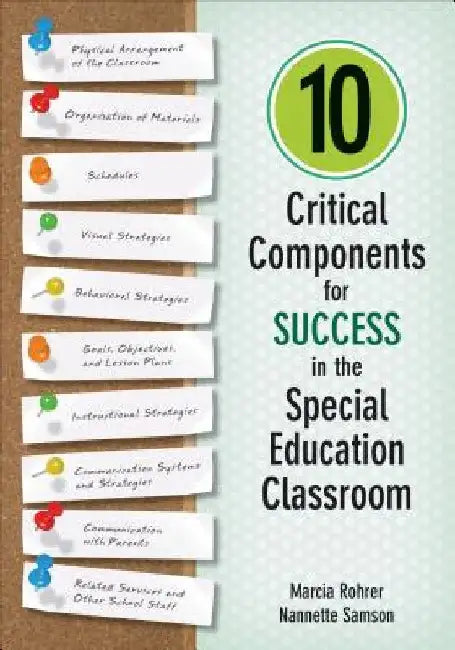 10 Critical Components for Success in the Special Education Classroom by Marcia W. Rohrer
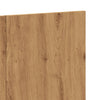Bed Headboard Artisan Oak 120x1.5x80 cm Engineered Wood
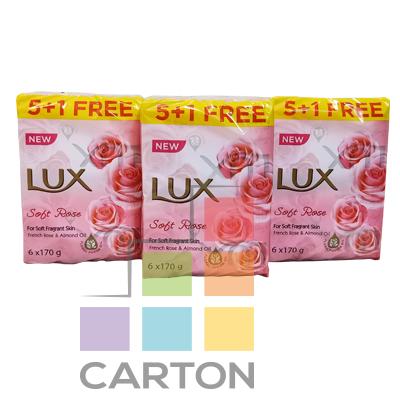 LUX PERFUMED SOAP SOFT ROSE 12*170GM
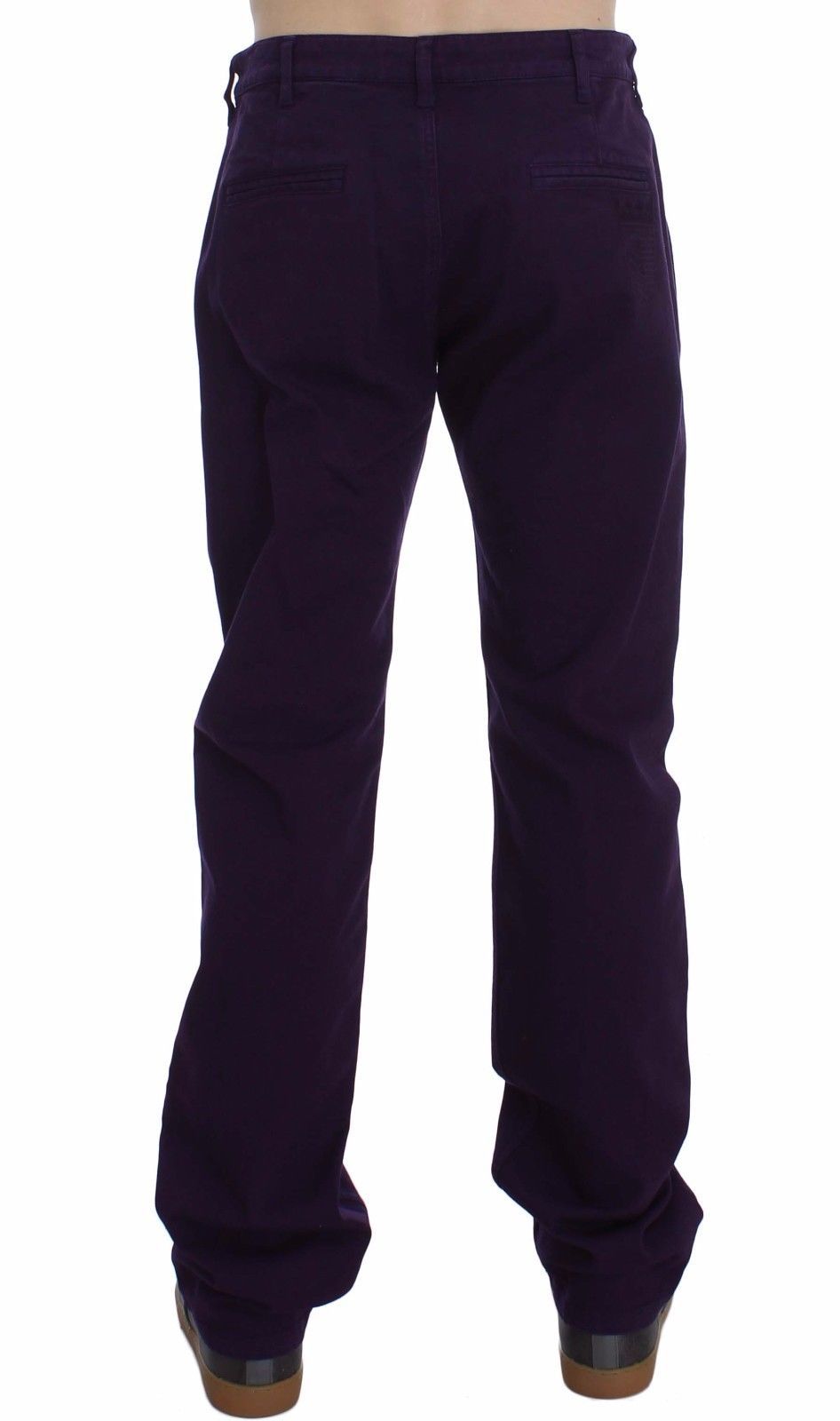 Pantalon ajusté GF Ferre en coton stretch violet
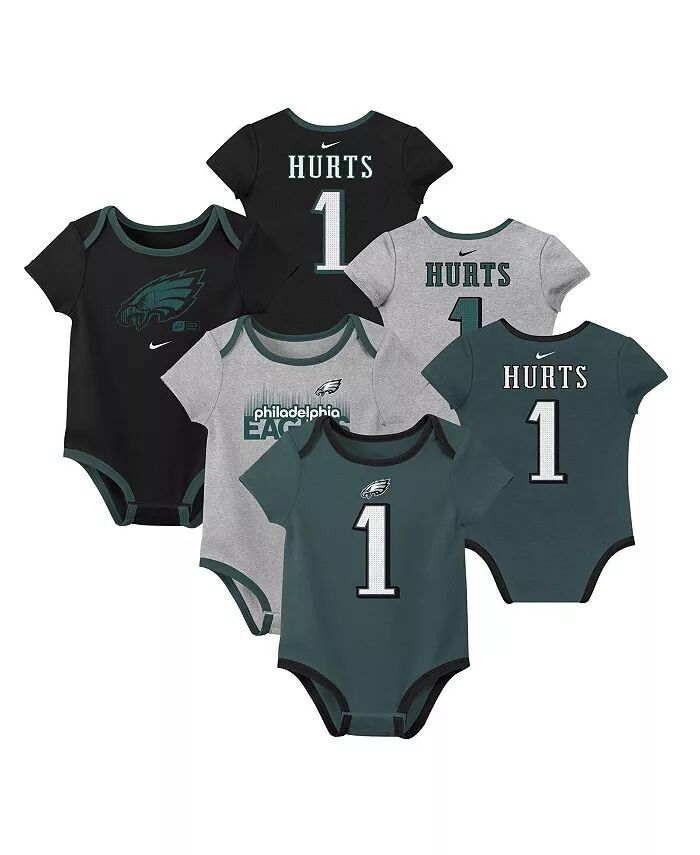 

Комплект из 3 боди для мальчиков и девочек Jalen Hurts Philadelphia Eagles с именем и номером Nike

- - - - - - -

• **INSTRUCTIONS FOR THE TASK**
All of the material must be given again exactly, though no picture may appear in the copy.

• **SOLUTION FOR THIS EXERCISE**
 10 Critical Components for Success in the Special Education Classroom by Marcia W. Rohrer
Bed Headboard Artisan Oak 120x1.5x80 cm Engineered Wood
 LUX PERFUMED SOAP SOFT ROSE 12*170GM
 Pantalon ajusté GF Ferre en coton stretch violet

Комплект из 3 боди для мальчиков и девочек Jalen Hurts Philadelphia Eagles с именем и номером Nike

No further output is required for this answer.